Compiled by UK academics – Elroy Dimson, Paul Marsh, Mike Staunton – the Yearbook, now produced under the UBS flag, says equity market returns have been “striking” since 1900.
From 1900 through to the end of 2023, US shares delivered nominal returns of 9.7 per cent “versus 4.6% on bonds, 3.4% on bills and inflation of 2.9% per year”, the report says.
In real (post-inflation) terms, US equities returned 6.6 per cent per year since 1900 compared to 1.6 per cent for bonds and 0.5 per cent for Treasuries.
UK markets produced similar, if slightly lower, long-term performance, the Yearbook shows.
But the 21st century has been relatively disappointing for share investors.
“Measured since the start of 2000, stock returns have been lower than over the 20th century, though global equity investors still enjoyed an annualized real return of 3.5% and an equity risk premium relative to bills of 4.3%,” the report says.
“Yet while many people consider the long term to be ten or 20 years, the Yearbook demonstrates that much longer periods than 20 years are needed to understand trends in risk and return from stocks and bonds, because markets are so volatile and variable over very long periods.”
The multi-asset and trans-jurisdiction market analysis also highlights the corrosive effect of inflation on investment returns that even share markets can’t quite shake off.
“It is often claimed that equities are a hedge against inflation,” the Yearbook executive summary notes. “However, while some corporate earnings may be somewhat linked to inflation… [the analysis] shows that equities tend to perform especially well in real terms when inflation ran at a low level, while high inflation impaired real equity performance.”
Commodities and gold have historically proven the best inflation-hedges, albeit with important trade-offs and caveats, according to the Yearbook.
“The recent strong uptick in inflation has reminded investors about the impact of inflation.”
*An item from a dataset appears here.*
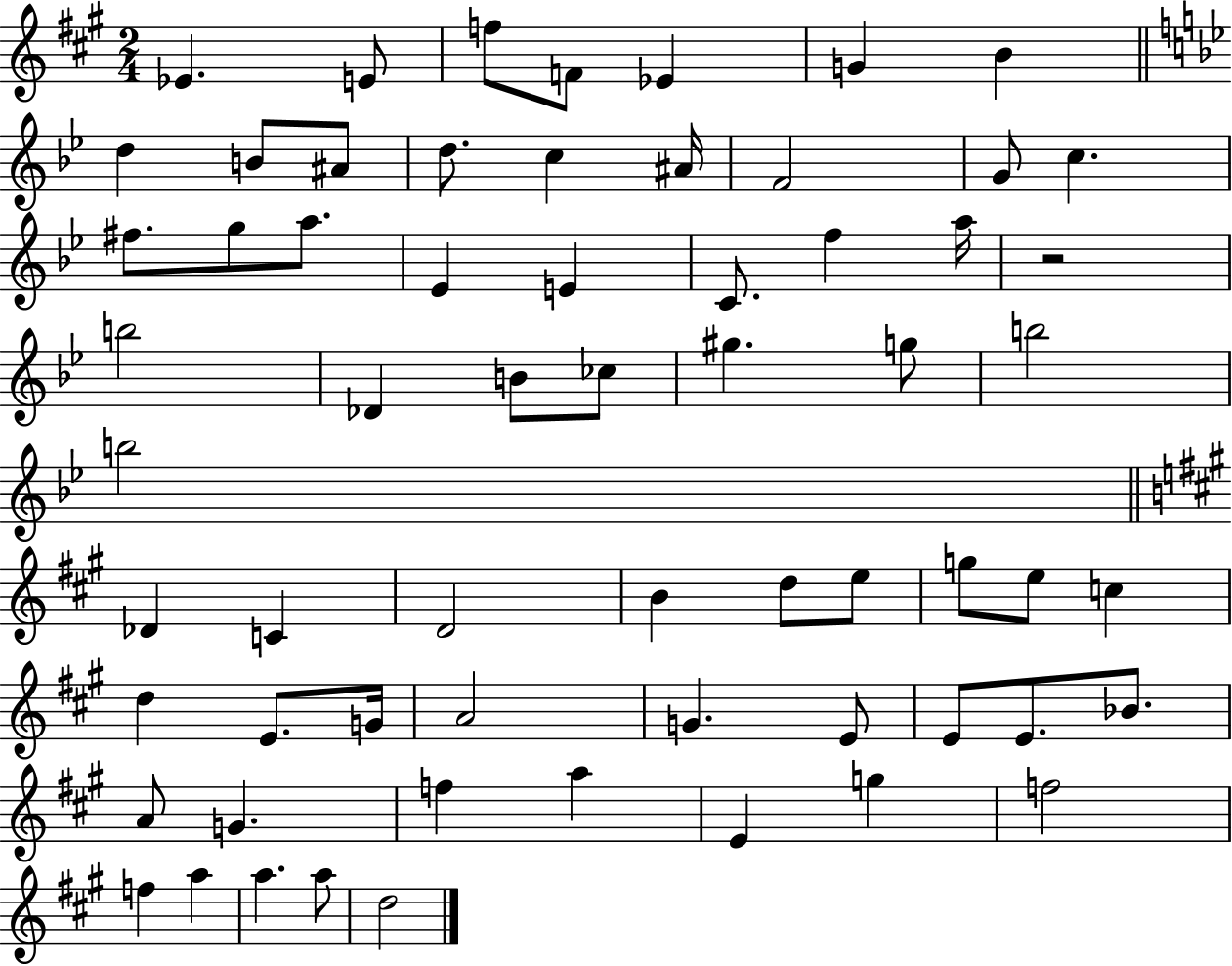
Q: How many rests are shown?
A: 1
US inflation has averaged 2.9 per cent annually from 1900, implying one dollar at the start of the time series would carry the same purchasing weight as US$37 today.
The US reported the third-lowest long-term inflation rate out of the 35 countries in the study in a group headed by Switzerland (2.1 per cent).
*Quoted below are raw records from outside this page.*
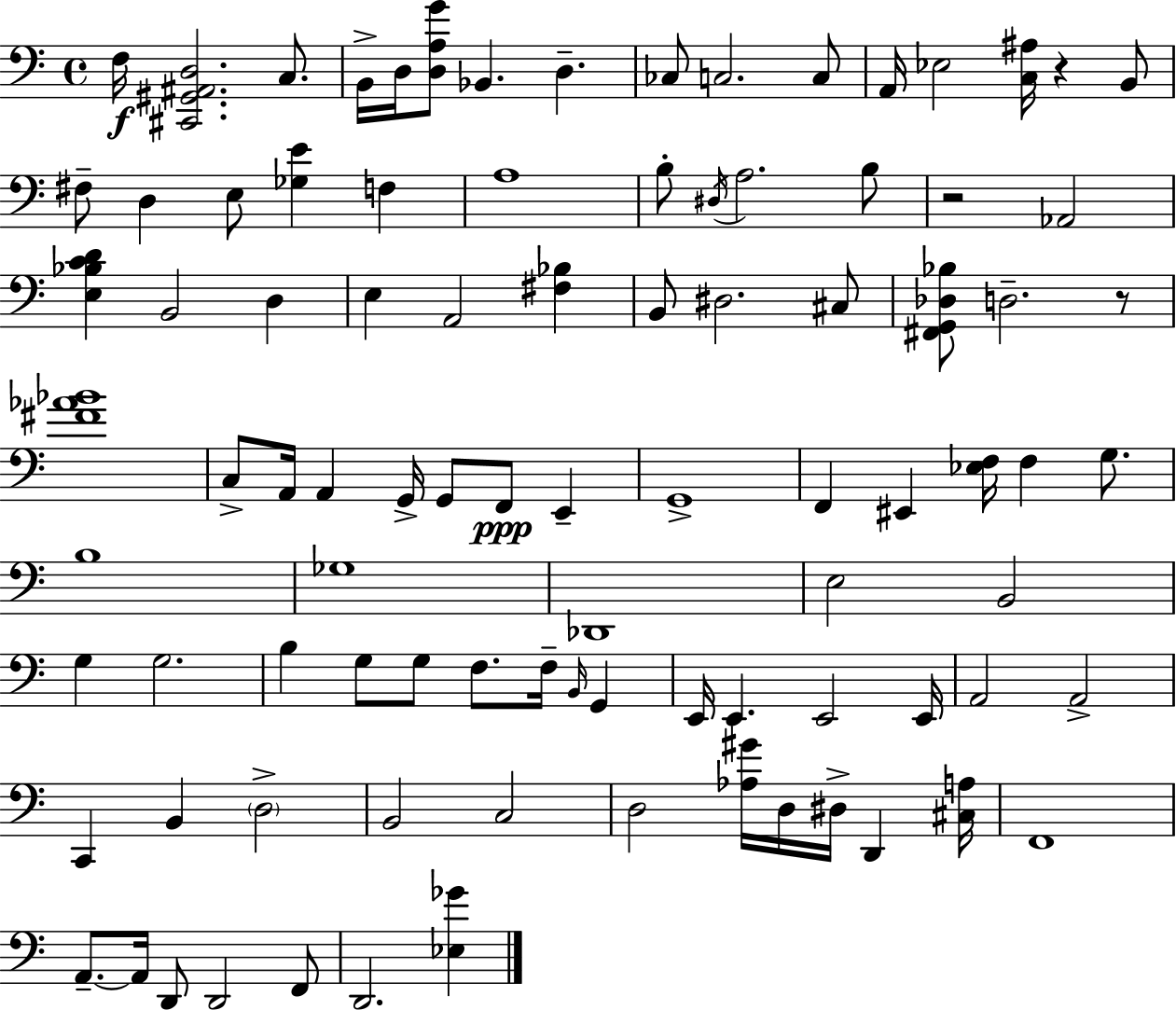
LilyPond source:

{
  \clef bass
  \time 4/4
  \defaultTimeSignature
  \key c \major
  f16\f <cis, gis, ais, d>2. c8. | b,16-> d16 <d a g'>8 bes,4. d4.-- | ces8 c2. c8 | a,16 ees2 <c ais>16 r4 b,8 | \break fis8-- d4 e8 <ges e'>4 f4 | a1 | b8-. \acciaccatura { dis16 } a2. b8 | r2 aes,2 | \break <e bes c' d'>4 b,2 d4 | e4 a,2 <fis bes>4 | b,8 dis2. cis8 | <fis, g, des bes>8 d2.-- r8 | \break <fis' aes' bes'>1 | c8-> a,16 a,4 g,16-> g,8 f,8\ppp e,4-- | g,1-> | f,4 eis,4 <ees f>16 f4 g8. | \break b1 | ges1 | des,1 | e2 b,2 | \break g4 g2. | b4 g8 g8 f8. f16-- \grace { b,16 } g,4 | e,16 e,4. e,2 | e,16 a,2 a,2-> | \break c,4 b,4 \parenthesize d2-> | b,2 c2 | d2 <aes gis'>16 d16 dis16-> d,4 | <cis a>16 f,1 | \break a,8.--~~ a,16 d,8 d,2 | f,8 d,2. <ees ges'>4 | \bar "|."
}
While the study highlights the benefits of diversification both between and within asset classes, Dimson et al remind investors to remain wary of correlation assumptions.
“With US market concentration at its highest level for 92 years and the ten largest companies globally now accounting for around a quarter of global equity value, this year’s edition includes a deep dive on diversification,” the report says. “The challenge of rising correlations between markets, both developed and emerging, plus between equities and bonds, and of increased performance concentration among the largest companies, warrants careful consideration.”
The Yearbook, available in full to UBS clients, also highlights the dramatic transformation of the US and UK economies over the previous 125 years. For example, in 1900 rail stocks represented about two-thirds of the US bourse but barely register in 2025 in a more diversified market where tech firms amount to about a third of industry weightings.
Dimson, Marsh and Staunton have been producing the Yearbook since 2000 in an effort to translate the long-term performance of markets into practical lessons for current investors.